For example, the content pointer can include the exact storage
address of the content item in memory. In some embodiments, the
content pointer can point to multiple locations, each of which
contains a portion of the content item.
[0044] In addition to a content path and content pointer, a content
entry can also include a user account identifier that identifies
the user account that has access to the content item. In some
embodiments, multiple user account identifiers can be associated
with a single content entry indicating that the content item has
shared access by the multiple user accounts.
[0045] To share a content item privately, sharing module 130 can be
configured to add a user account identifier to the content entry
associated with the content item, thus granting the added user
account access to the content item. Sharing module 130 can also be
configured to remove user account identifiers from a content entry
to restrict a user account's access to the content item.
[0046] To share content publicly, sharing module 130 can be
configured to generate a custom network address, such as a uniform
resource locator (URL), which allows any web browser to access the
content in content management system 106 without any
authentication. To accomplish this, sharing module 130 can be
configured to include content identification data in the generated
URL, which can later be used to properly identify and return the
requested content item. For example, sharing module 130 can be
configured to include the user account identifier and the content
path in the generated URL. Upon selection of the URL, the content
identification data included in the URL can be transmitted to
content management system 106 which can use the received content
identification data to identify the appropriate content entry and
return the content item associated with the content entry.
[0047] In addition to generating the URL, sharing module 130 can
also be configured to record that a URL to the content item has
been created. In some embodiments, the content entry associated
with a content item can include a URL flag indicating whether a URL
to the content item has been created. For example, the URL flag can
be a Boolean value initially set to 0 or false to indicate that a
URL to the content item has not been created. Sharing module 130
can be configured to change the value of the flag to 1 or true
after generating a URL to the content item.

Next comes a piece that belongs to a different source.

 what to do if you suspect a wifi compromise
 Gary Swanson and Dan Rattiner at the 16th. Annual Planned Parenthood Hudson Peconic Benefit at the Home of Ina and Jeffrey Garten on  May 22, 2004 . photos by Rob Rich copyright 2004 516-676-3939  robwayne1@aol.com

[0048] In some embodiments, sharing module 130 can also be
configured to deactivate a generated URL. For example, each content
entry can also include a URL active flag indicating whether the
content should be returned in response to a request from the
generated URL. For example, sharing module 130 can be configured to
return a content item requested by a generated link if the URL
active flag is set to 1 or true. Thus, access to a content item for
which a URL has been generated can be easily restricted by changing
the value of the URL active flag. This allows a user to restrict
access to the shared content item without having to move the
content item or delete the generated URL. Likewise, sharing module
130 can reactivate the URL by again changing the value of the URL
active flag to 1 or true. A user can thus easily restore access to
the content item without the need to generate a new URL.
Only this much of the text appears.